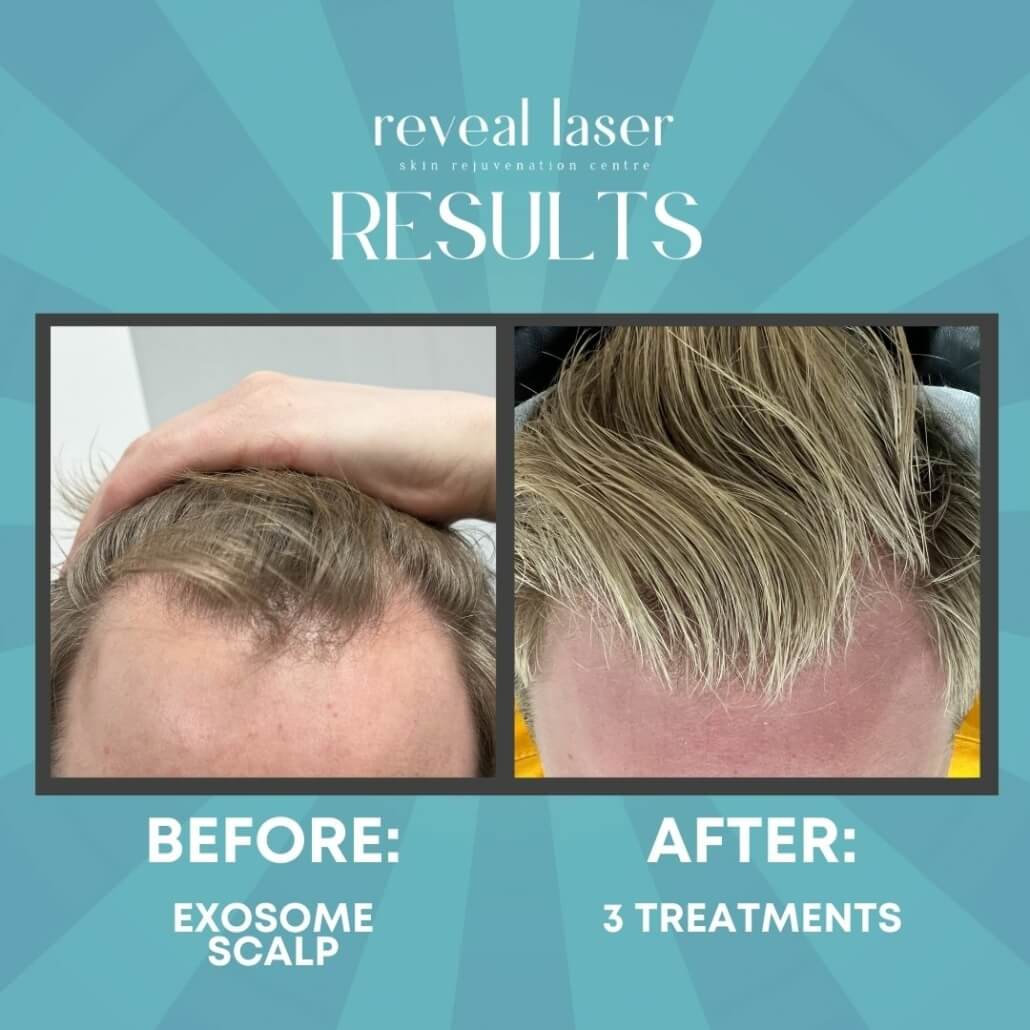 Exosome Therapy for Hair Loss in Islamabad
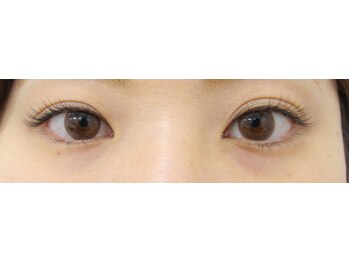 ビームズ トータルビューティー 西中島店(BeeMs Total Beauty)/【フレッシュ】シングル80本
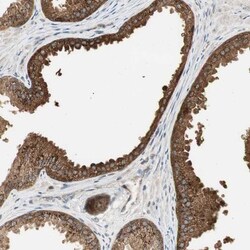 USP2 Antibody, Novus Biologicals 0.1mL; Unlabeled:Antibodies, Polyclonal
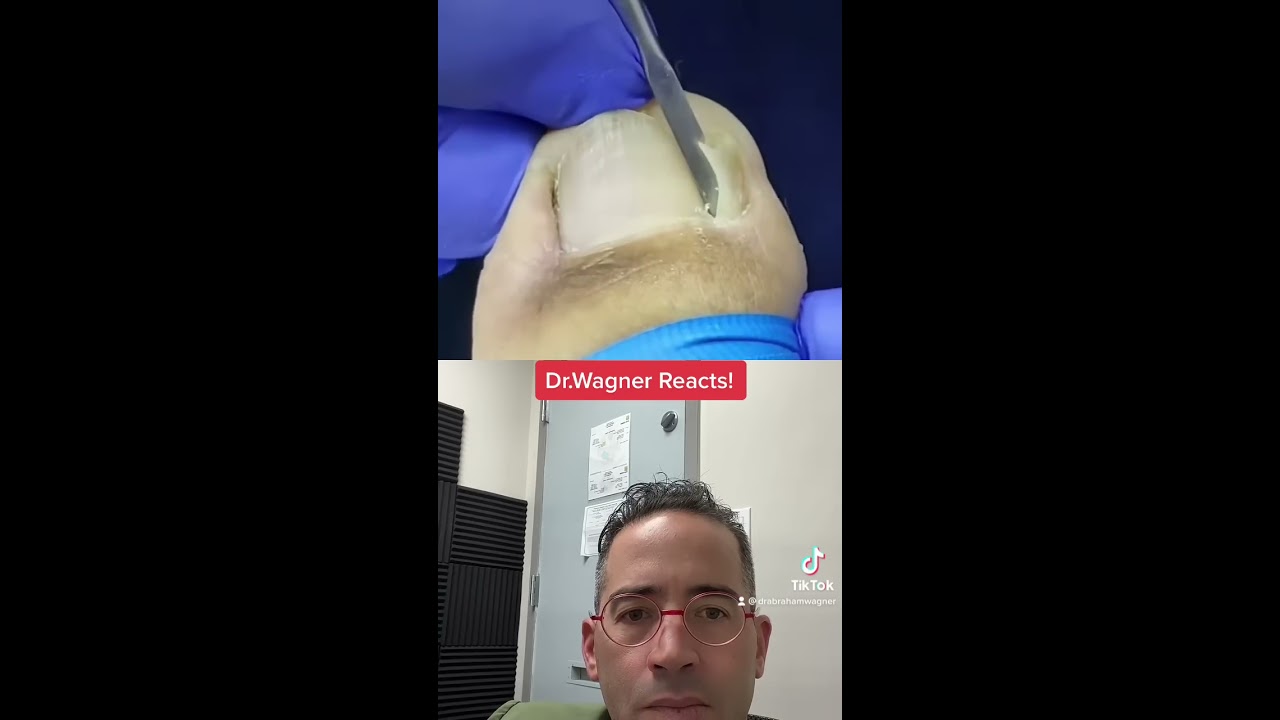 COLOSSAL INGROWN TOENAIL Shorts Ingrowntoenail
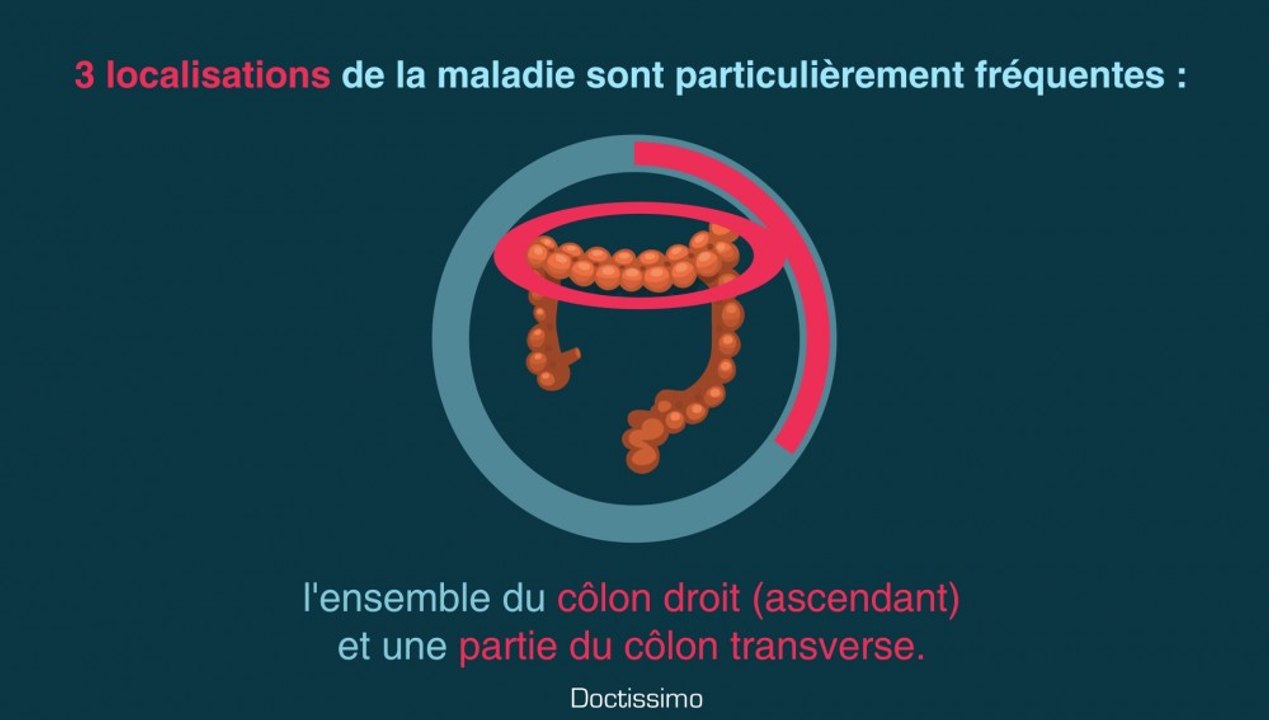 Maladie de Crohn : symptômes et traitements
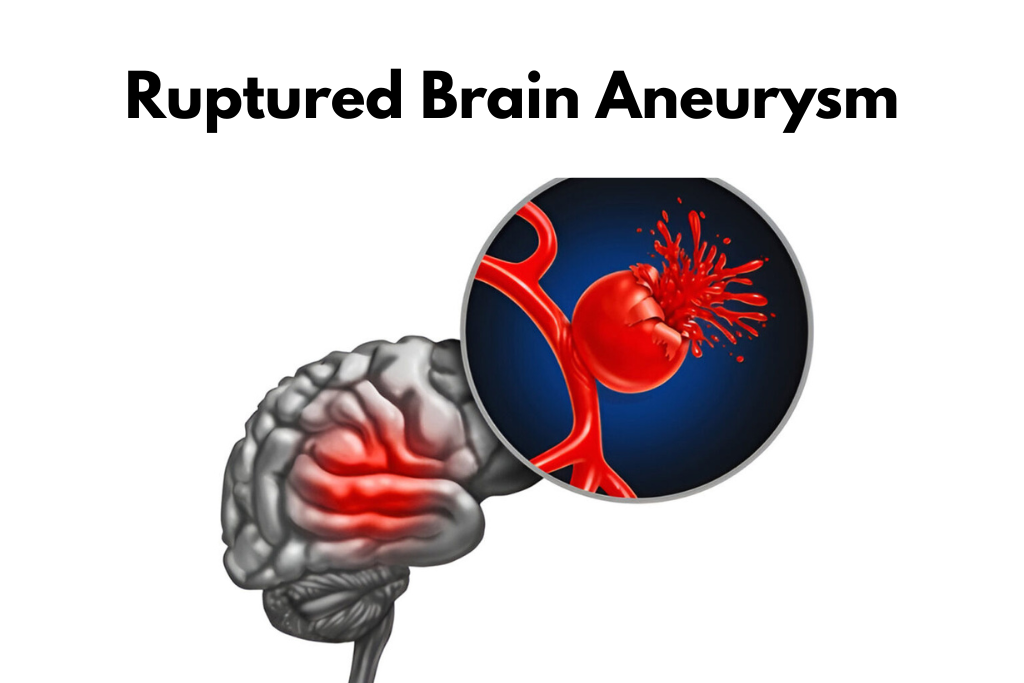 Ruptured Brain Aneurysm: Symptoms causes  and  Treatment.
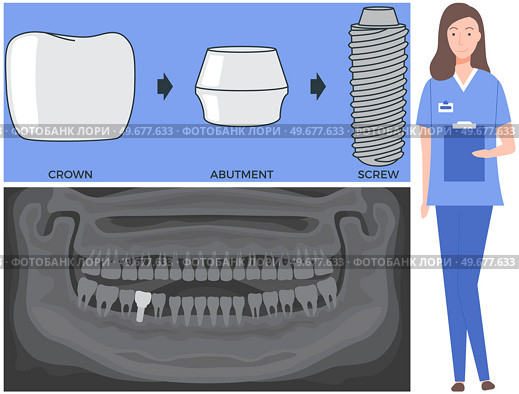 Female doctor talking about dental prosthesis structure. Implantation dentistry, stomatology. Tooth care, treatment. Dental implant creation scheme. Sequence of connection of screw, abutment and crown. Female doctor talking about prosthesis structure. Dentist works with dental implant creation scheme. Стоковая иллюстрация, агентство Ingram Publishing / Фотобанк Лори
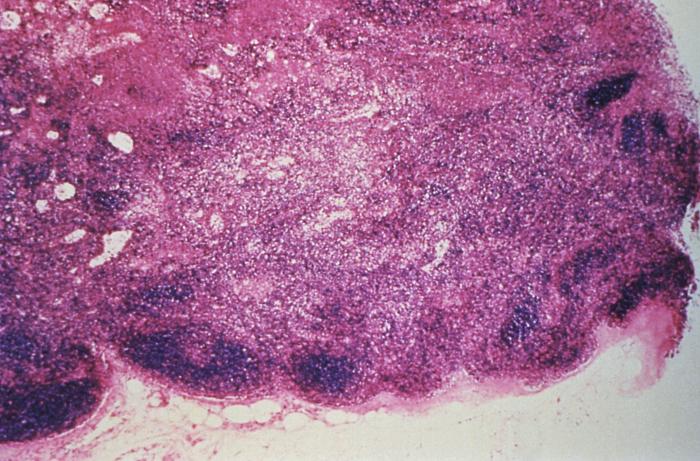 This is micrographic study of a lymph node from a Hantavirus pulmonary syndrome (HPS) patient. From Public Health Image Library (PHIL). [1]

======

• _YOUR GOAL_
Only the lines from the one with "COLOSSAL INGROWN TOENAIL" to the last line of the listing, inclusive, are to be set down, exactly as they stand and without pictures.

• _ANSWER TO THE PROBLEM_
 COLOSSAL INGROWN TOENAIL Shorts Ingrowntoenail
 Maladie de Crohn : symptômes et traitements
 Ruptured Brain Aneurysm: Symptoms causes  and  Treatment.
 Female doctor talking about dental prosthesis structure. Implantation dentistry, stomatology. Tooth care, treatment. Dental implant creation scheme. Sequence of connection of screw, abutment and crown. Female doctor talking about prosthesis structure. Dentist works with dental implant creation scheme. Стоковая иллюстрация, агентство Ingram Publishing / Фотобанк Лори
 This is micrographic study of a lymph node from a Hantavirus pulmonary syndrome (HPS) patient. From Public Health Image Library (PHIL). [1]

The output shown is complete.